Sankingen, die Natur, wird dann abgelöst von Vann, die Gewässer, in deren Mittelpunkt der Fisch steht. Norwegen ist ein Land des Wassers und die Beziehung der Menschen zu ihm ist eng. So prägen Holzgestelle zum Trocknen des Kabeljaus das Landschaftsbild der Westküste. Fisch und Meeresfrüchte sind ein Eckpfeiler der norwegischen Esskultur. Ob geräuchert, gegrillt, gegart oder in Bier gesotten, die hier vorgestellten Gerichte sind Delikatessen mit mancher Überraschung. Man nehme 1/2 kg Seelachsfilet und vermenge es mit einem Viertelliter Vollmilch, fertig ist die lockere Frikadelle, die zwischen zwei Brötchenhälften geklemmt zum einfachen Fischburger mutiert. Eines der bekanntesten und beliebtesten Fischgerichte Norwegens. Der Burger wird gerne zum Abendessen serviert, zusammen mit einer traditionellen braunen Soße und Salzkartoffeln. Von einem Osloer Fischhändler stammt das Grundrezept, das Nevada leicht abwandelte und das ich Ihnen gerne vorstelle. Auch weil es Alt und Jung gleich schmeckt.
Die weiteren Kapitel widmen sich der Almwirtschaft, der Ernte sowie der Jagd, der Vorratskammer, dem Lagerfeuer und als Letztes dem Waffeleisen, der Backplatte und dem Ofen. Man hat auch sofort eine Vorstellung, wer die Hauptakteure dieser Abschnitte sind: Milchprodukte, Früchte der Natur, Tiere des Waldes. Variationsreich und vielfältig an Aromen sind die Rezepte. Der rustikale Birnenkuchen wird mit Blauschimmel bestreut, die Blumenkohlsuppe vermählt sich mit Fenchel und der Lamm-Kohl-Eintopf ist die Essen gewordene Reinkarnation Norwegens. Na ja, ganz wohl nicht, aber Nevada Berg erklärt das so: Das Fleisch kommt von den Tieren aus den Bergen, die Kartoffeln sind frisch vom Feld und der Kohl gedeiht den ganzen Sommer über. Gemeinsam verkörpern sie einen Teil Norwegens.

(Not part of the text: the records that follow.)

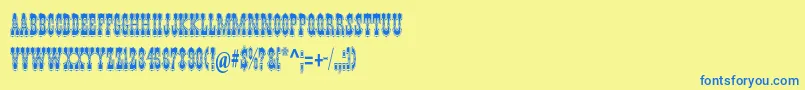PepperwoodstdRegular Font – Blue Fonts on Yellow Background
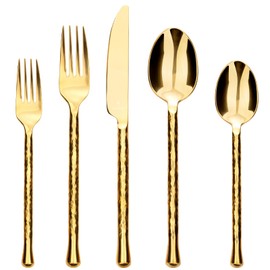 LINZOM Glam Gold 20-Piece Hand-Forged Set for 4, 18/10 Stainless Steel Flatware, Mirror Polished, Dishwasher Safe, Cutlery Set for Home Kitchen Hotel Restaurant Wedding
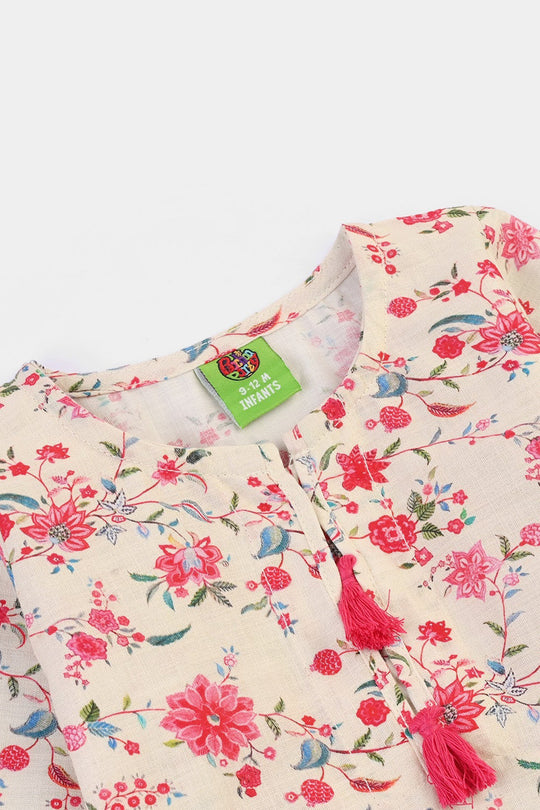 Infant Girls Cotton Slub Printed 2Pcs Rose-Multi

Am Ende werden noch zwei Brotrezepte vorgestellt. Butterbrot mit Käse essen viele Nordländer jeden Tag. Und Brot ist fester Bestandteil bei fast jedem Frühstück und Mittagessen. Groß ist die Auswahl an herzhaften Broten in Norwegen, das wollen wir glauben und begnügen uns mit einem Mehrkornbrot, mit leicht süßlichem Geschmack. Jetzt eine Scheibe davon abschneiden, mit Butter bestreichen, mit Braunkäse belegen und wir können uns genüsslich zurücklehnen und herzhaft abbeißen, denn wir sind beim Index angelangt. Der ist ausführlich und lässt uns erahnen, was es noch so alles zu entdecken gibt in Norwegen.
Beim L bleiben wir hängen. L wie Lagerfeue, L wie Lammkeule mit Orangen- Dill-Soße und L wie leichter, lockerer Käsekuchen. Der interessiert uns dann doch und wir blättern zurück zum Rezept. Er ist ein Kind des 18. Jahrhunderts, heißt es im Vorspann und spiegelt den Geschmack der damaligen Zeit wider. Eine Vorahnung beschleicht uns, den haben wir doch schon probiert, aber auf einem ganz anderen Kontinent. Frischkäse, Sahne, Eier, Butter, Zucker und Johannisbeeren mit Nelken, Muskatnuss und Rosenwasser aromatisiert, ist dieser Kuchen der Urahn des berühmten New Yorker Käsekuchens. Allein dieser Kuchen ist es wert, sich North Wild Kitchen ins Küchenregal zu stellen.
Nevada Berg hat mit North Wild Kitchen ein tolles Norwegen Kochbuch geschaffen. Wenn auch die Autorin ihre amerikanische Identität nicht ganz verbergen kann, hoch ist der Anteil an Desserts und süßen Speisen, was mich an amerikanische Esstraditionen erinnert. Dennoch: Sie zeichnet uns ein Bild norwegischer Köstlichkeiten, luftig und verführerisch frisch, wie man sie bisher wenig und nicht kannte. Schön bebildert und mit vielen unvergleichlichen Rezepten lädt dieses Kochbuch ein, Norwegen als ein Land der kulinarischen Sinne zu entdecken. Wer sich darauf einlässt, wird nicht enttäuscht werden.